Bardzo często pesymista to osoba silnie nastawiona na wykonanie zadania. W niektórych zawodach utrudnione kontakty międzyludzkie wcale nie będą mu przeszkadzały. Wielu pesymistów jest z natury perfekcjonistami, którzy brak przebojowości nadrabiają odpowiedzialnością i sumiennością.

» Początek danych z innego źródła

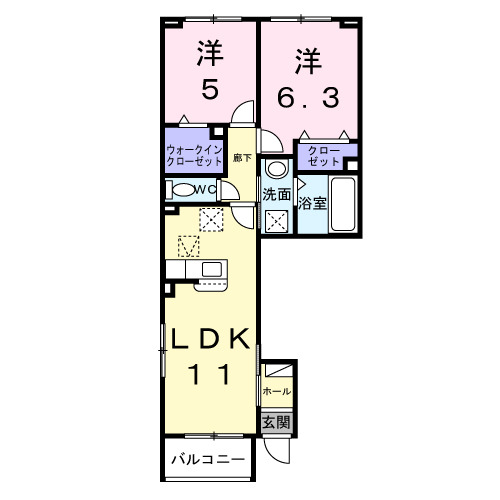 アクア Aの間取り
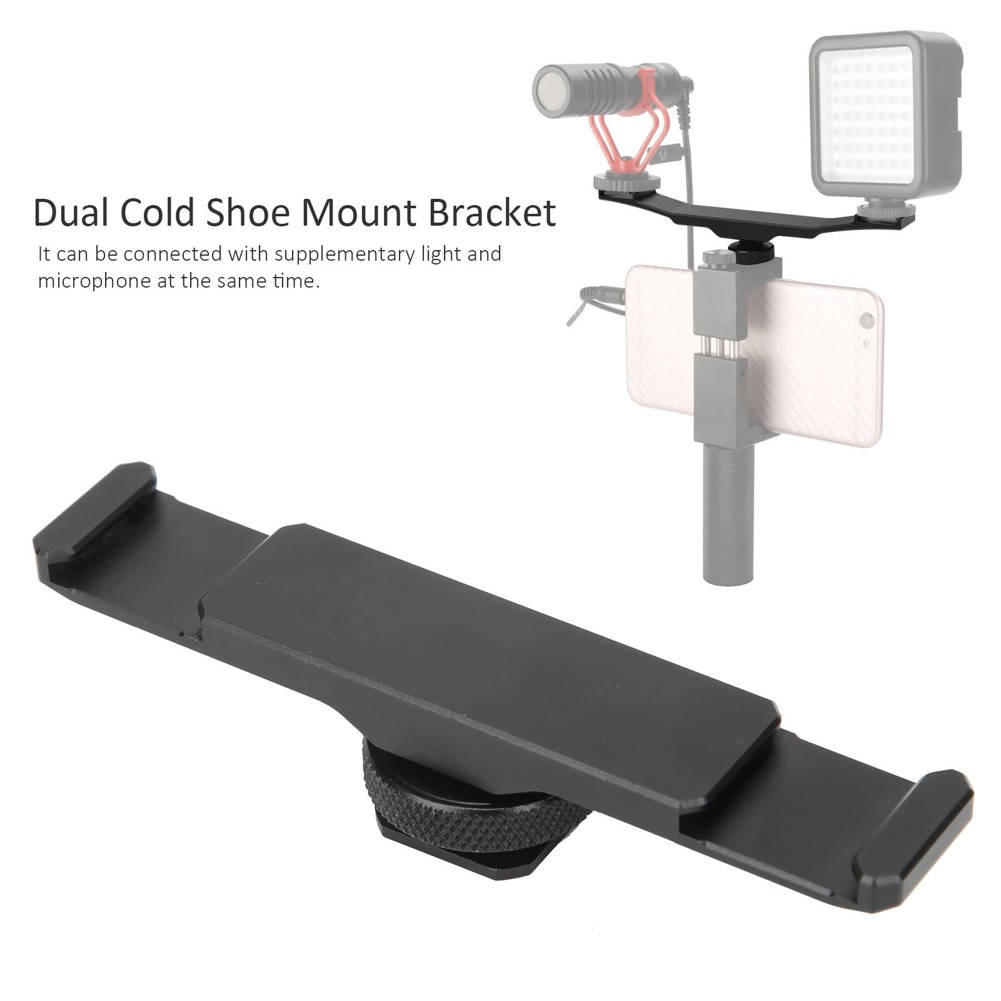 [READY STOCK] Dual Bracket Cold Shoe Mount Extension Bar for LED Video Light Microphone Live Stream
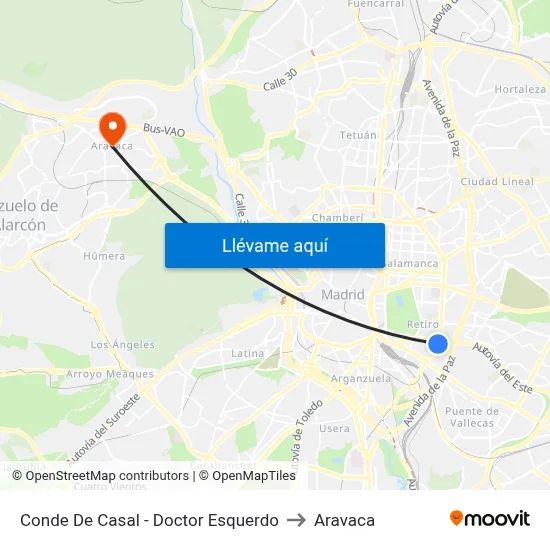 Conde De Casal - Doctor Esquerdo to Aravaca map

Pesymista choruje częściej
Mogłoby się wydawać, że samo postrzeganie świata nie powinno mieć większego wpływu na zdrowie fizyczne. A jednak ma i to zaskakująco duży. Organizm osoby mniej optymistycznej cechuje się zazwyczaj dużo mniejszą odpornością na choroby. Dodatkowo pesymista to osoba bardziej zestresowana i produkuje więcej kortyzolu.
Co to jest kortyzol? To popularny hormon stresu, który w odpowiedniej dawce odpowiada za radzenie sobie organizmu ze stresem i wzmożonym wysiłkiem. Jednak przewlekle zwiększony poziom może doprowadzić do miejscowego otłuszczenia ciała (np. na twarzy), nadciśnienia tętniczego, zaburzeń nastroju, bezsenności, a nawet depresji.

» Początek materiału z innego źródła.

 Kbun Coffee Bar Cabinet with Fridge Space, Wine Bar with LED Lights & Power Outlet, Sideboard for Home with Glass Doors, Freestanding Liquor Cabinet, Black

Jak przerwać błędne koło negatywnego myślenia?
Pesymizm często działa jak samonapędzająca się spirala – im więcej widzimy zagrożeń i niepowodzeń, tym trudniej dostrzec cokolwiek pozytywnego. Pierwszym krokiem do przerwania tego schematu jest świadome zatrzymanie się i analiza swoich myśli. Warto zapisywać powtarzające się wzorce myślowe i zastanowić się, które z nich są racjonalne, a które wynikają z lęku lub niskiego poczucia wartości. Pomocne może być też prowadzenie dziennika wdzięczności, który pomaga skupić uwagę na pozytywach, nawet drobnych. Kluczowe jest też otaczanie się osobami wspierającymi, które pomagają zmienić perspektywę i wzmacniają motywację do zmiany.
Czy da się wytrenować optymizm?
Choć wydaje się, że optymizm to cecha wrodzona, badania pokazują, że można go świadomie rozwijać. Ćwiczenia takie jak wizualizacja pozytywnej przyszłości, praca nad realistycznym myśleniem i techniki oddechowe wpływają na zmianę nastawienia do codziennych wyzwań. Nie chodzi o ignorowanie problemów, ale o uczenie się ich interpretowania w konstruktywny sposób. Regularna aktywność fizyczna i dbanie o rytm snu również wzmacniają zdolność do pozytywnego myślenia. Optymizm to umiejętność – a jak każdą inną, można ją rozwijać z czasem i konsekwencją.